One commit per branch seems key to keeping users out of trouble and is the only workflow we currently support so I don't see this as a bug more of a user error that comes from some misunderstanding some part of git.

This should be safe to close as I think it's all user error.

I think we should ideally try to be more clear about the issue when the user passes --create, even if something in range says "Differential Revision: Whatever". That said "a little bit before I look at it" has been like two years now. Let me spend like 5 minutes on it and if it's a big mess we can just write it off.

Sounds good to me. This is the first link that comes up (Tested in incognito) when you search for ERR_CLOSED: This revision has already been closed and the second when you search ERR_CLOSED so documenting it here may fix most peoples issues.

epriestley claimed this task.

I'm not immediately able to get --create to bring up a template with "Differential Revision". Here's what I tried:

  • arc diff --create HEAD^ when HEAD has "Differential Revision: ...".
  • arc diff --create HEAD^^ when HEAD^ has "Differential Revision: ..." and HEAD is some other commit.

It sounds like the original state in your case is lost, too. And the other reports are ancient at this point, and didn't have details that give me any guesses.

So there's probably a legitimate bug of some kind here, but no one currently has a solid set of repro instructions, and triggering it requires some rare/complex setup that only happens a couple times per year.

If you're reading this as some future user who has run into this, we're happy to fix it if you can provide more detailed instructions on how to reproduce it, but merely having a revision identifier in the commit range doesn't seem to be sufficient and I wasn't able to guess or blunder my way into a reproduction case after trying a few things.

Until reproduction instructions manifest, I'm just going to close this, since we can't move forward on it and it seems reasonable to imagine we might fix it by accident before anyone comes up with a detailed reproduction case.
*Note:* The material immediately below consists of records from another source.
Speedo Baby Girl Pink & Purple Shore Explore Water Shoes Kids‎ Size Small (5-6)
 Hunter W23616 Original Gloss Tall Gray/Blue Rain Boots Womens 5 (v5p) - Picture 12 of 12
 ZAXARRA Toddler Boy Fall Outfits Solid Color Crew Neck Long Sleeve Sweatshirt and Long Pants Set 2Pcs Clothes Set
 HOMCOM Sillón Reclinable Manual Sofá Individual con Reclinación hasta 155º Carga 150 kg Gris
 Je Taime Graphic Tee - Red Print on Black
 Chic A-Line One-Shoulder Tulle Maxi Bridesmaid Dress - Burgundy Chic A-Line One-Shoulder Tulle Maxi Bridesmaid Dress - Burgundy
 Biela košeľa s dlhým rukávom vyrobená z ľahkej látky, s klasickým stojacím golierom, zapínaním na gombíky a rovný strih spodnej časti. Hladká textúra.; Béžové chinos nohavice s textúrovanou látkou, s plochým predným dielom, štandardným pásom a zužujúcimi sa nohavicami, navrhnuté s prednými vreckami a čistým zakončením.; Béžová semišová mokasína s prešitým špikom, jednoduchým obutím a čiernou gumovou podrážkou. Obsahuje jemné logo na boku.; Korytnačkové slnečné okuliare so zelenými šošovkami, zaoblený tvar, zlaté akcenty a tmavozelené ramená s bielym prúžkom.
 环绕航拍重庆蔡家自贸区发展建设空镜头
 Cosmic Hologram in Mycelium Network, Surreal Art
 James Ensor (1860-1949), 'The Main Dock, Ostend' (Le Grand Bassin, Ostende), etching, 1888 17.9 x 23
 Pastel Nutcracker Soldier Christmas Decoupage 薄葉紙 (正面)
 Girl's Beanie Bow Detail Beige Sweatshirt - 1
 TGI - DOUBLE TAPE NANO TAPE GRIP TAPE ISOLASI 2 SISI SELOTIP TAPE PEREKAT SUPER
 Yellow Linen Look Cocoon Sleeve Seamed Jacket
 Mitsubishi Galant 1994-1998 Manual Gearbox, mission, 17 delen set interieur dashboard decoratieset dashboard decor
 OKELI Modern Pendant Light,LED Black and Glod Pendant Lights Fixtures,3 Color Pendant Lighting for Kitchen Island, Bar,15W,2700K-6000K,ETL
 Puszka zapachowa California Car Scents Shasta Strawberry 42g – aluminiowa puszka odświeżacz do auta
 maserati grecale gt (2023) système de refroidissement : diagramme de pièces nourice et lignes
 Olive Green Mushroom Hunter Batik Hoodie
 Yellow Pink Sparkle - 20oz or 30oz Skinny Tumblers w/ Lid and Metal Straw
For anyone who gets here by searching for ERR_CLOSED: This revision has already been closed we had a similar problem.

We got into it by:

  1. Went through a standard arc diff and arc land
  2. That revision had a bug which needed to be rollback with a git revert, arc diff, and arc land
  3. Then, to get that code back, we created a new branch off master, did a git cherry-pick on the original SHA from #1 to that branch, and fixed that bug in another git commit on that branch
  4. Once the bug was fixed we tried arc diff and arc diff --create all of which said ERR_CLOSED: This revision has already been closed

The solution was to remove the "Differential Revision: " line automatically inserted by the arc diff. Once that was gone arc diff worked just fine.